В ответ на мою скверную шутку отец Гаяццо только пожал плечами. Потом он вышел из комнаты и закрыл за собой дверь.

Я подошел к окну и присел на корточки возле кресла.

— Монсеньор Лантана... Монсеньор...

Старик не ответил. Только равномерное движение его грудной клетки при каждом вдохе доказывало, что он еще не умер.

Далеко ушло то время, когда это человек железной рукой устанавливал порядки в Ватикане. Теперь от монсеньора Лантаны осталась лишь пустая и бесполезная оболочка.

Я положил руку ему на плечо и осторожно потряс его.

— Монсеньор, проснитесь.

Старый священник что-то пробурчал. Он повернул ко мне изможденное лицо, обрамленное длинными седыми прядями, и устремил на меня невидящий взгляд.

— Монсеньор... — продолжал я. — Меня зовут Алекс Кантор. В тысяча девятьсот семьдесят восьмом году вы встречались с моей матерью, непосредственно перед ее гибелью. Я пытаюсь понять, почему ее убили. Вы слышите меня, монсеньор?

Старик по-прежнему молча смотрел на меня.

— Постарайтесь припомнить, монсеньор. Это было пятнадцатого мая тысяча девятьсот семьдесят восьмого года. Мою мать звали Франческа. Франческа Поцци. Она погибла при взрыве. Она была активисткой «Красной борьбы».

Последние слова словно бы пробудили в Лантане какие-то воспоминания. В его глазах появился неясный проблеск сознания.

— «Красная борьба», — настойчиво повторял я. — В тот день вы принимали мою мать. Я хотел бы знать, о чем вы беседовали.

Монсеньор Лантана явно силился что-то сказать. Его рот беспрестанно открывался и закрывался, но из него не выходило ни одного членораздельного звука.

— Сделайте усилие. Вам уже почти удалось...

Скрюченные пальцы старого священника поднялись к моему лицу.
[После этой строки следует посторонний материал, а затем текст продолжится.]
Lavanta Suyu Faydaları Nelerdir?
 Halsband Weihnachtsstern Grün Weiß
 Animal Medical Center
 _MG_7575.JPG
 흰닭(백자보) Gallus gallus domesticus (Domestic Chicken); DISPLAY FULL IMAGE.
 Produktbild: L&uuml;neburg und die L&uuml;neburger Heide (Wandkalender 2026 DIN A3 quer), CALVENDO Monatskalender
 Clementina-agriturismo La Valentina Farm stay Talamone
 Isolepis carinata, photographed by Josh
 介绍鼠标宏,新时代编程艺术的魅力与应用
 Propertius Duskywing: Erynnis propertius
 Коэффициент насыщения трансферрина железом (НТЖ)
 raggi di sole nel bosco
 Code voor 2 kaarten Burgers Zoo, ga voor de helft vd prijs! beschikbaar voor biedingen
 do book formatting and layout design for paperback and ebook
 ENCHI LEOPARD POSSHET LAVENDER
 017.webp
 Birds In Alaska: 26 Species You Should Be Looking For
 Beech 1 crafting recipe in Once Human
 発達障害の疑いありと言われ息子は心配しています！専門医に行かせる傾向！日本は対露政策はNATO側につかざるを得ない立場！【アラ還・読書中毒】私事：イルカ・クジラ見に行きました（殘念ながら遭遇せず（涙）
Они скользнули по моей щеке, потом сомкнулись на воротнике моей рубашки.

Наконец, в крошечной келье зазвучал голос, дрожащий и почти неслышимый.

— Парки... — с трудом произнес он. — Это все они...

Я прочел в его зрачках, что ясность сознания вот-вот оставит его. Я предпринял последнюю попытку помешать ему снова впасть в оцепенение.

— Вспомните. Что произошло в тот день?

Но кардинал Лантана уже не слышал меня. Его рука разжалась и упала вдоль тела, а грудь снова начала мерно вздыматься.

— Я не понимаю, — настаивал я. — При чем тут Парки?

— Алекс, оставь его в покое, — сказал Тененти. — Ты же видишь, что больше из него ничего не вытащить. Этот чертов Альцгеймер уже разобрался с его мозгами.

Он помог мне подняться и довел меня до двери. Я машинально следовал за ним по лабиринту ледяных коридоров. Мы дошли до машины, не встретив ни одной живой души. Даже привратник с темными глазами покинул свой пост.

На протяжении всего пути обратно я размышлял над абсурдом ситуации. Я проделал весь этот путь для того, чтобы услышать, как выживший из ума старик лепечет что-то из греческой мифологии.

И от сознания того, что истина была так близко, что она затерялась в каких-то умирающих нервных окончаниях, мне хотелось выть.